Таким образом, идеологией Союзного государства должен быть панрусизм. Кстати, здесь может быть удачно использован неофициальный статус в России русской идентичности: её можно оставить для форм восточнославянской интеграции. Только такой подход может придать Союзному государству идентитарное измерение, что позволило бы сделать его действительно прочным, нужным и одновременно общественно-ориентированным.

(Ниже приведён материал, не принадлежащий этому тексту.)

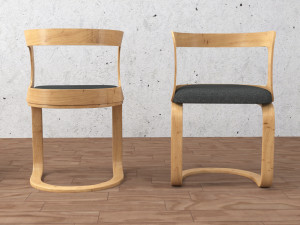 chair and table Modèle 3D
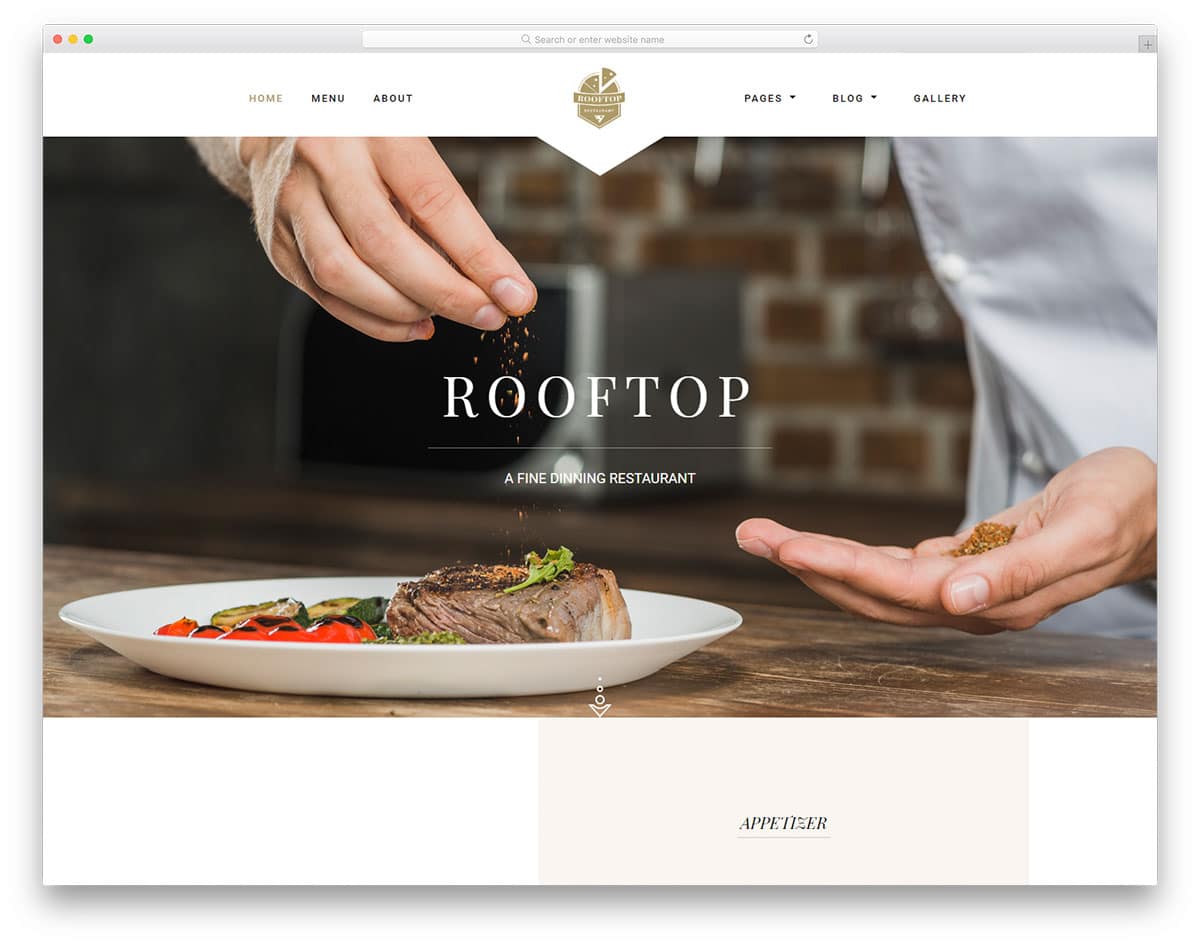 rooftop-free-restaurant-website-templates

Внутренняя целостность, этнокультурное родство единого политического пространства – это принципиальный фактор силы и процветания, гораздо более значимый, чем максимальное территориальное расширение. Это не значит, что надо отказываться от очень выгодных для России и перспективных проектов по евразийской интеграции. Но означает, что эти проекты не должны заменять собою другие. Союзное государство предполагает гораздо более прочное и внутренне обоснованное объединение, благодаря чему и представляет особую ценность.
Автор - Старший научный сотрудник Центра исследований проблем стран ближнего зарубежья РИСИ.
Первая публикация - портал "Материк".
[i] Подробнее см.: Неменский О.Б. Панрусизм // Вопросы национализма, вып.7 (2011, № 3), с.34-43.URL: http://www.edrus.org/content/view/23730/56
[ii] О состоянии идеологической работы и мерах по её совершенствованию. Мн., 2003. С.20. См. примерно то же: Основы идеологии белорусского государства. Под ред. С.Н.Князева и С.В.Решетникова. Мн.: Академия управления при Президенте РБ, 2004. С.358.
[iii] Бабосов Е.М. Основы идеологии современного государства. Мн., 2004. С. 223.
[iv] Основы идеологии белорусского государства. Методические указания для студентов всех специальностей. Составители: Гребенникова-Воробьёва Л.В., Дайняк Е.Н. и др. Минск: БНТУ, 2011. С.22.
[v] Белорусский путь. Под ред. О.В.Пролесковского и Л.Е.Криштаповича. Мн.: ИАЦ при АП РБ, 2010. С.141 (глава «Цивилизационная природа Беларуси»).